# Understanding P values

BMJ 2014; 349 doi: https://doi.org/10.1136/bmj.g4550 (Published 11 July 2014) Cite this as: BMJ 2014;349:g4550- Philip Sedgwick, reader in medical statistics and medical education

- p.sedgwick{at}sgul.ac.uk

Researchers investigated whether a low glycaemic index diet in pregnancy reduced the incidence of macrosomic (large for gestational age) infants in an at risk group. A randomised controlled trial study design was used. Participants were 800 women without diabetes, all in their second pregnancy, who had previously delivered an infant weighing more than 4000 g. The intervention consisted of a low glycaemic index diet from early pregnancy. The control treatment was no dietary intervention. The primary outcome was birth weight.1

Treatment groups were compared in mean birth weight using the independent samples *t* test. Hypothesis testing was two tailed, with a critical level of significance of 0.05 (5%). The mean birth weight in the intervention group was greater than in the control group, although the difference was not significant (4034 g (standard deviation 510) *v* 4006 (497); mean difference 28.6 g; 95% confidence interval −45.6 to 102.8; P=0.449). The researchers concluded that a low glycaemic index diet in pregnancy did not reduce the incidence of large for gestational age infants in a group at risk of fetal macrosomia.
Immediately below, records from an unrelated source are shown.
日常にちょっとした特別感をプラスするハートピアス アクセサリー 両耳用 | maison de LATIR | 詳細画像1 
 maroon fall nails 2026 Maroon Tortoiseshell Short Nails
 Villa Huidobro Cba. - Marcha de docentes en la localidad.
Which of the following statements, if any, are true?

a) Statistical hypothesis testing based on a critical level of significance is a dichotomous test

b) The P value provides a direct statement about the direction of a difference between treatment groups in mean birth weight

c) The P value is the probability that the alternative hypothesis was true

## Answers

Statement *a* is true, whereas *b* and *c* are false.

The aim of the trial was to investigate the effects of a low glycaemic index diet in pregnancy. The treatment groups were compared in the primary outcome of birth weight using traditional statistical hypothesis testing, described in a previous question.2 The sample estimate of the population parameter of the difference between the intervention and control in mean birth weight was 28.6 g. The purpose of the hypothesis test was to establish whether the difference in mean birth weight seen in the trial also existed in the population.

Statistical hypothesis testing involves the statement of the null and alternative hypotheses. Traditional statistical hypothesis testing starts at the position of equipoise as specified by the null hypothesis. For the primary outcome in the trial above, the null hypothesis states that in the population of women at high risk of delivering a macrosomic infant from which the sample was obtained, no difference exists between the intervention and control treatments in mean birth weight. The alternative hypothesis states that a difference exists—that is, in the population sampled a difference exists between treatments in mean birth weight. No direction is specified—the alternative hypothesis is two sided—the mean birth weight for the low glycaemic index diet group could be greater or smaller than for the control group. The aim was to establish whether the sample data supported the null hypothesis or provided evidence of a difference between treatment groups as specified by the alternative hypothesis. A statistical hypothesis test involving a two sided alternative hypothesis is sometimes referred to as two tailed.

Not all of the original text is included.